Subsequent two-dimensional echocardiography [Figure 2] and NCCT brain findings on the 3 rd post-operative day revealed no marked improvement. Tracheostomy was performed on the 3 rd post-operative day and patient weaned off to T piece ventilation with oxygen support with minimal improvement in EF 45%. Patient rapidly deteriorated and succumbed to his neurological and cardiovascular injuries on the 6 th day post-operatively.{Figure 2}

The prevalence of TTC is 0.02% among all hospitalised patients [2] and 0.8% among all patients of aneurysmal SAH. TTC consists of cardiomyopathy with transient apical ballooning and systolic dysfunction of apical and mid segments of the left ventricle in the absence of atheromatous disease of the coronary arteries, accompanied by ECG changes together with the minimal release of cardiac enzymes appearing in a context of emotional or physical stress. [3] There is compensatory hyperkinesis of basal walls, producing characteristic ballooning of apex with systole. The proposed pathogenesis are multivessel coronary vasospasm, abnormalities in coronary microvascular function, catecholamine cardiotoxicity and adrenocepter hyperreactivity.
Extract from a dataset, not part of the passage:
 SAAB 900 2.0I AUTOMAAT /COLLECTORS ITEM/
Approximately, 20-30% of patients with SAH manifest a secondary cardiomyopathy and/or regional wall motion abnormality, referred as neurogenic stress cardiomyopathy or neurogenic stunned myocardium. [4] Despite the severity of the acute illness, TTC is a transient disorder managed with supportive therapy and is noted as a cause of sudden cardiac disease in individuals with no cardiac disease. A high suspicion index for TTC has to be maintained if sudden hemodynamic deterioration occurs in patients with SAH and the definitive diagnosis can only be achieved with help of coronary angiography.

Conservative treatment for LV systolic dysfunction, angiotensin converting enzyme inhibitors, beta blockers, and diuretics with resolution of the physical or emotional stress usually results in rapid resolution of symptoms. Although TTC carries a favourable prognosis in general population, [5] this pattern of cardiac dysfunction in population with SAH may be associated with pulmonary oedema, prolonged intubation, and cerebral vasospasm. Additional studies are required to elucidate the spectrum of cardiac abnormalities arising as a result of catecholamine excess.